=== Required action ===
Every line below that has the word "used" counts once; report how many lines that makes, with no other words.

▽

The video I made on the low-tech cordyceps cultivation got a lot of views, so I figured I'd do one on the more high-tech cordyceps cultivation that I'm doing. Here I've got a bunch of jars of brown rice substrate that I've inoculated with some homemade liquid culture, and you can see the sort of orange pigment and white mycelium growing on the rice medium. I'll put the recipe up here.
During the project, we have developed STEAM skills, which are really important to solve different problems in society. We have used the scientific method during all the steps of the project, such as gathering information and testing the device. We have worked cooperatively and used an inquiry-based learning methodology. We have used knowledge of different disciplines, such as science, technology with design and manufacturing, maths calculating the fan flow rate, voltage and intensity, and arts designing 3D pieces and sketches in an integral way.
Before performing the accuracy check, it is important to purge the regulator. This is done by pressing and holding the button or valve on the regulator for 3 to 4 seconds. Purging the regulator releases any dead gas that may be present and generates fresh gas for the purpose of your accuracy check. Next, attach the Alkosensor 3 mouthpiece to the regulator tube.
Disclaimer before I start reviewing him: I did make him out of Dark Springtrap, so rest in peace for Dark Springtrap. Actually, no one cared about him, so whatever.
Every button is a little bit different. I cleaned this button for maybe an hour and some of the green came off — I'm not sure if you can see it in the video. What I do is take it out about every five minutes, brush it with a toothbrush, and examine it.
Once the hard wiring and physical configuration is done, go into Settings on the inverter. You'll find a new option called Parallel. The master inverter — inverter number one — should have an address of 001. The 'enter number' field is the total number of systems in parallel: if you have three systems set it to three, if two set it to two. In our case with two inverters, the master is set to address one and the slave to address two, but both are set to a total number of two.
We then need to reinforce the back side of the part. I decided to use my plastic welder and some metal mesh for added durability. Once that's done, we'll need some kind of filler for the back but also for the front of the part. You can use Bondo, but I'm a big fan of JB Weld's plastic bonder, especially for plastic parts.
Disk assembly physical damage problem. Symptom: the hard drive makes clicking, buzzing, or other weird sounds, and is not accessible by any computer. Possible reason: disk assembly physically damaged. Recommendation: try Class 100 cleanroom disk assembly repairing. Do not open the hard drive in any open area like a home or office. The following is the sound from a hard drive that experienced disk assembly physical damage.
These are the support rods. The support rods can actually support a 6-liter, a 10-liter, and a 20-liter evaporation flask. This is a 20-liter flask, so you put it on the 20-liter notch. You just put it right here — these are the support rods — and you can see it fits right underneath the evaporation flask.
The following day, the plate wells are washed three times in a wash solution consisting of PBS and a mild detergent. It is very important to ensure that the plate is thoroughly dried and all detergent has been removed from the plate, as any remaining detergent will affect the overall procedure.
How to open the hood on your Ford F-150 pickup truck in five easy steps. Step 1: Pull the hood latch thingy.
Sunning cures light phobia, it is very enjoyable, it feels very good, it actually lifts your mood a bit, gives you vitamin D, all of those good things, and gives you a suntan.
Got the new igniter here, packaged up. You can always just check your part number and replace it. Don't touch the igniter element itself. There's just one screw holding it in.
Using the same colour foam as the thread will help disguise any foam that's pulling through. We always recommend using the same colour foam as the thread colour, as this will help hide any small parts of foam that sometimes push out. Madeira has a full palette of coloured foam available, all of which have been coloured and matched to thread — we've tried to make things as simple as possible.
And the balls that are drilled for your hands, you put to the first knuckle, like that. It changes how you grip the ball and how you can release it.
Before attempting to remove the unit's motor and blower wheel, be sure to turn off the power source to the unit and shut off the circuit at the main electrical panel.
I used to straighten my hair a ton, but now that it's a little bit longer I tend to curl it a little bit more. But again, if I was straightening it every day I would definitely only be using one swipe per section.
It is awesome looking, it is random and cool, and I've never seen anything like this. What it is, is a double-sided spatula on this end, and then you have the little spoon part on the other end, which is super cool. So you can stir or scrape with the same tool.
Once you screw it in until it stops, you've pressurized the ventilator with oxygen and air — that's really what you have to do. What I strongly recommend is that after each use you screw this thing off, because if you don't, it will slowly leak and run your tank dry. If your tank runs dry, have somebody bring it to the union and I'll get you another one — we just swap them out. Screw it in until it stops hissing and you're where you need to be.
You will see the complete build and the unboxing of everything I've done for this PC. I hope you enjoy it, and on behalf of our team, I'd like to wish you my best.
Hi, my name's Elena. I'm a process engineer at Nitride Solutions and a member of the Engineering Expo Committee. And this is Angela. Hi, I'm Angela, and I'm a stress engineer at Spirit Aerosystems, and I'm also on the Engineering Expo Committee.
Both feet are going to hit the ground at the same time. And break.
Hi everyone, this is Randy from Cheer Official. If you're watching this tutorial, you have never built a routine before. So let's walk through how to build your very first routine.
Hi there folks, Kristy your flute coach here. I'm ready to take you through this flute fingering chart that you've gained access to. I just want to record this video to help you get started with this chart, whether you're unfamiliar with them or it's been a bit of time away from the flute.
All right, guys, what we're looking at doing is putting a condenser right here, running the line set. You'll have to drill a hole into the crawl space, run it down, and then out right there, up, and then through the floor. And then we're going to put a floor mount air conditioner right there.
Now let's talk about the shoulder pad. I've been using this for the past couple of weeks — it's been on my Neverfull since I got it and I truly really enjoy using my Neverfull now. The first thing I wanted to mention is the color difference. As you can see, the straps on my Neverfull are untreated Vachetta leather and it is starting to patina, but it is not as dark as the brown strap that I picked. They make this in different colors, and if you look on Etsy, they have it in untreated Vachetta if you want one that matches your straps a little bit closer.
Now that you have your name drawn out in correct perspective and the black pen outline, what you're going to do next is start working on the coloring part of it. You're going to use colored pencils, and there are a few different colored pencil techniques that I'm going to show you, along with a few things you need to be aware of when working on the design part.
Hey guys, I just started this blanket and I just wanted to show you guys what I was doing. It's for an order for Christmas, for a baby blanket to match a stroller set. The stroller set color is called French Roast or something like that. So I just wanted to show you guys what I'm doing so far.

△

=== Solution for this exercise ===
2